• [DATA EXTRACT]
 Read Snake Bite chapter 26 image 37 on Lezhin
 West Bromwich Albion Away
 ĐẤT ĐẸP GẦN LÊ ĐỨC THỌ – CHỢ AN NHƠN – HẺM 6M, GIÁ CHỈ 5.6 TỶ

• [EXERCISE OBJECTIVE]
In full and without error, transcribe the listing.

• [ANSWER TO THIS PROBLEM]
 Read Snake Bite chapter 26 image 37 on Lezhin
 West Bromwich Albion Away
 ĐẤT ĐẸP GẦN LÊ ĐỨC THỌ – CHỢ AN NHƠN – HẺM 6M, GIÁ CHỈ 5.6 TỶ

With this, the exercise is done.